Armenian Quarter

Guest Blog by anonymous

Jerusalem’s Old City has as many hidden places and mysteries as it does religious denominations and identities. There is perhaps no better illustration of this than the Armenian community tucked into its own quarter of the Old City – one of the oldest uninterrupted communities of Jerusalem. A few weeks ago, we were guided through the thick black door of the closeted little town that is the Armenian convent, in the south-west corner of the city, by historian George Hintlian whose story-telling fizzed, ducked and dived. It was a verbal rollercoaster with no seat belt provided. The Armenian convent was no less disorienting to the outsider: a maze of windings stairs, ancient rooms, and step-through half-sized doors. Here is a self-contained village with homes, monastery, cathedral, school, and community centres.

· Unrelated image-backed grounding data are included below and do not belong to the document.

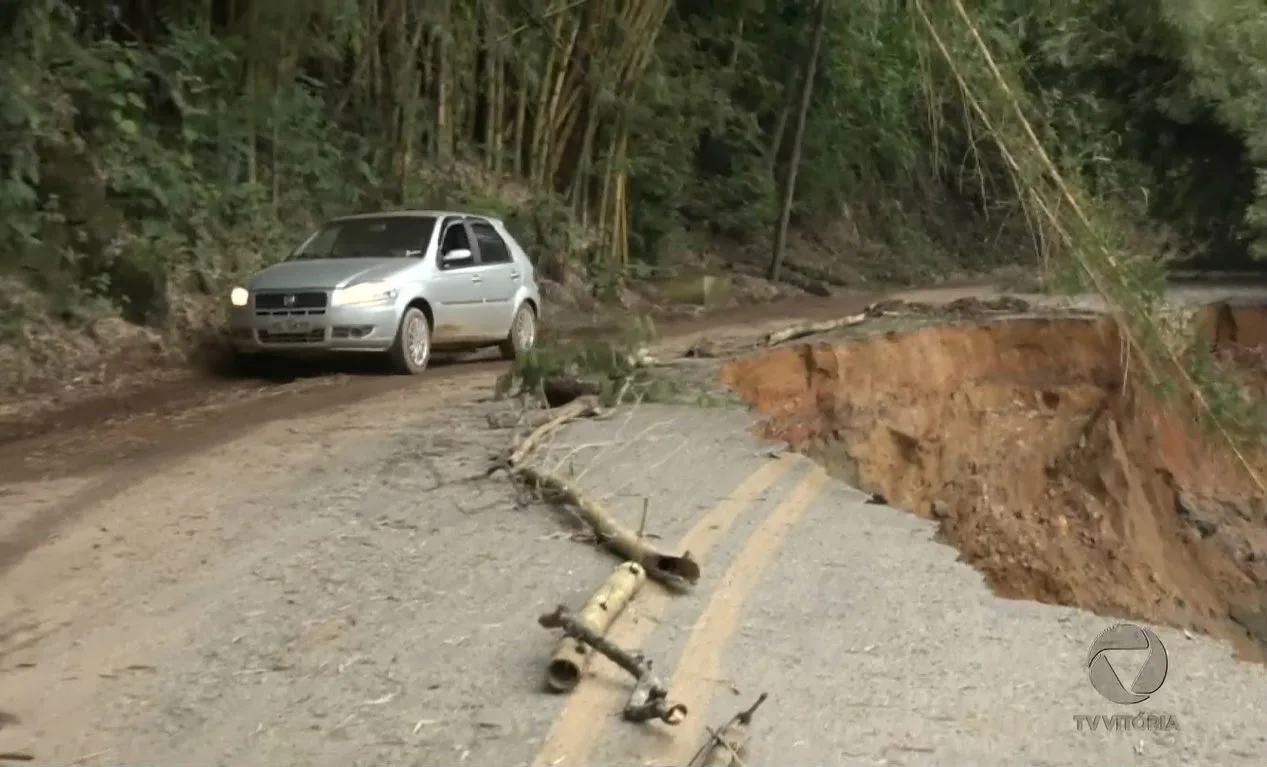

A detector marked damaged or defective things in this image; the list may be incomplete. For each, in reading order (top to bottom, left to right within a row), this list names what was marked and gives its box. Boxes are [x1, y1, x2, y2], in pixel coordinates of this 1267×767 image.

damaged road [2, 284, 1264, 764]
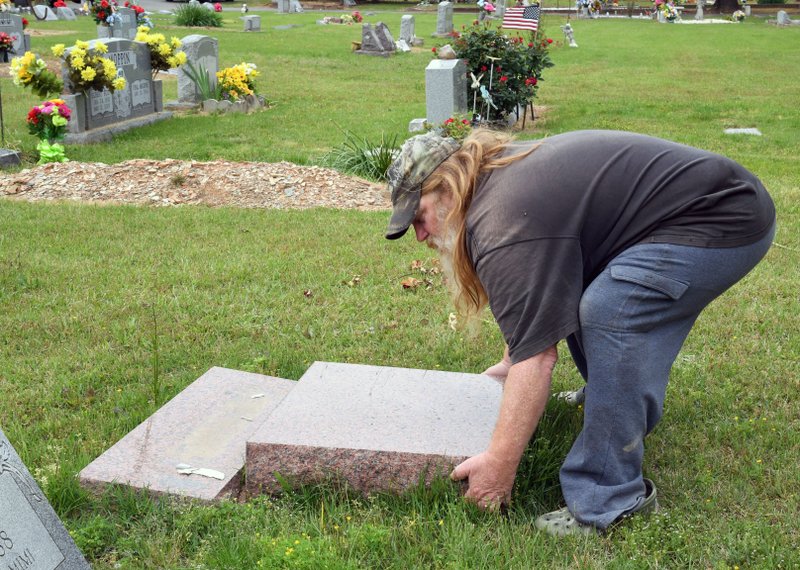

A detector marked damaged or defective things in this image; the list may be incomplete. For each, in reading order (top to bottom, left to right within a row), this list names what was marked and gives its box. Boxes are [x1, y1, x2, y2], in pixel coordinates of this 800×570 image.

damaged gravestone [354, 21, 396, 56]
damaged gravestone [247, 362, 504, 494]
damaged gravestone [0, 426, 91, 568]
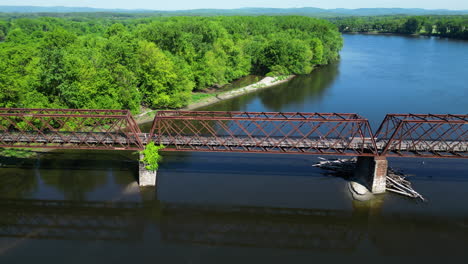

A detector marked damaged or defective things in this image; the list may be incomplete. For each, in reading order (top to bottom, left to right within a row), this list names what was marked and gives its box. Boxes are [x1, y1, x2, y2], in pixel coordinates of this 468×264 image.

rusted metal truss [0, 108, 143, 151]
rusted metal truss [152, 110, 378, 156]
rusted metal truss [374, 113, 468, 157]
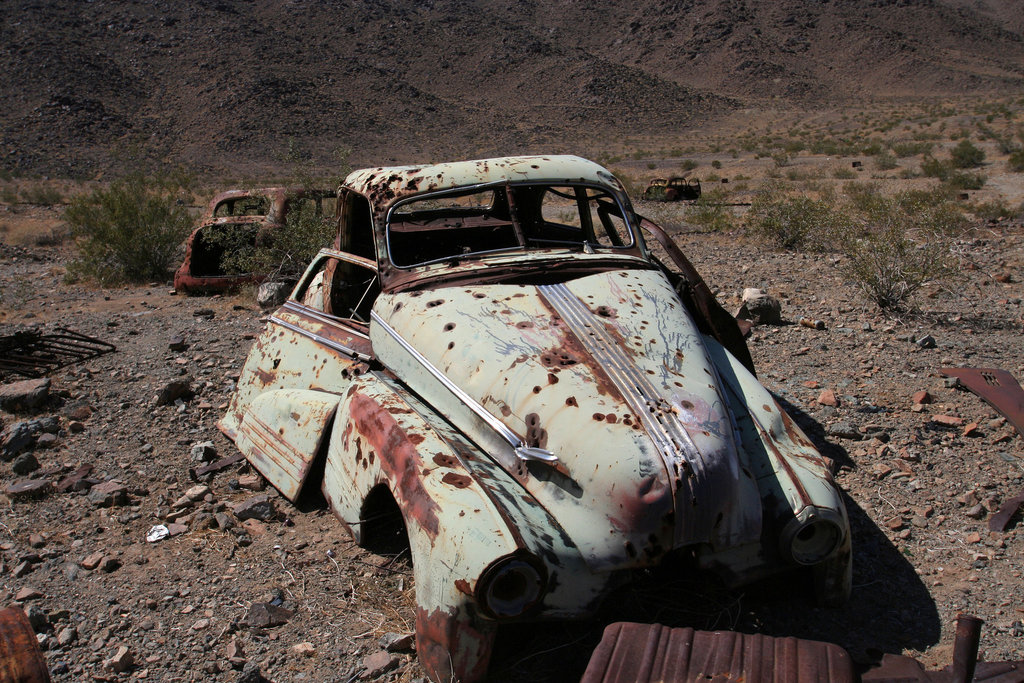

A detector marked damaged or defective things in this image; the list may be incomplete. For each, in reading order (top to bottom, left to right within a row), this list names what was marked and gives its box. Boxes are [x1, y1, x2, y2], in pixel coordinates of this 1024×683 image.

abandoned vehicle frame [173, 187, 336, 294]
rusted car body [174, 187, 336, 294]
shattered windshield [388, 183, 636, 268]
rusted car body [644, 175, 700, 202]
rusty metal debris [644, 175, 700, 202]
rusty metal debris [0, 328, 116, 380]
rusty metal debris [222, 155, 848, 683]
rusted car body [220, 156, 852, 683]
second abandoned car [220, 156, 852, 683]
abandoned vehicle frame [220, 156, 852, 683]
rusty metal debris [940, 368, 1024, 438]
rusty metal debris [0, 608, 51, 680]
rusty metal debris [584, 616, 1024, 680]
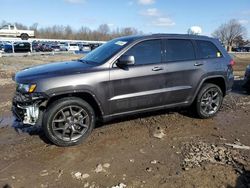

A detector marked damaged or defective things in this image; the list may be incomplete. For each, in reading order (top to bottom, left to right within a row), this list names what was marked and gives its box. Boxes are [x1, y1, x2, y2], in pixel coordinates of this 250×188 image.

damaged front bumper [12, 91, 47, 125]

A courtyard in the Armenian Quarter

Armenia was the first country to adopt Christianity as the state religion in the year 301 CE and pilgrims and monks soon came to Palestine, set up the Armenian community and took up residence in some of the first monasteries in the desert nearby, and on the Mount of Olives. As a community often in the minority, it was an easy target when the powers that be were scraping around for money. George led us up to the ancient refectory overlooking the street, all beautiful blue and white tiles, bare walls and fine arched ceilings, with a table laid for dinner. Behind a small wooden door lay an escape hatch, where a rope-drop would lead you away from attackers and down to the street below. The threat must have been real enough to warrant an escape hatch in the dining room!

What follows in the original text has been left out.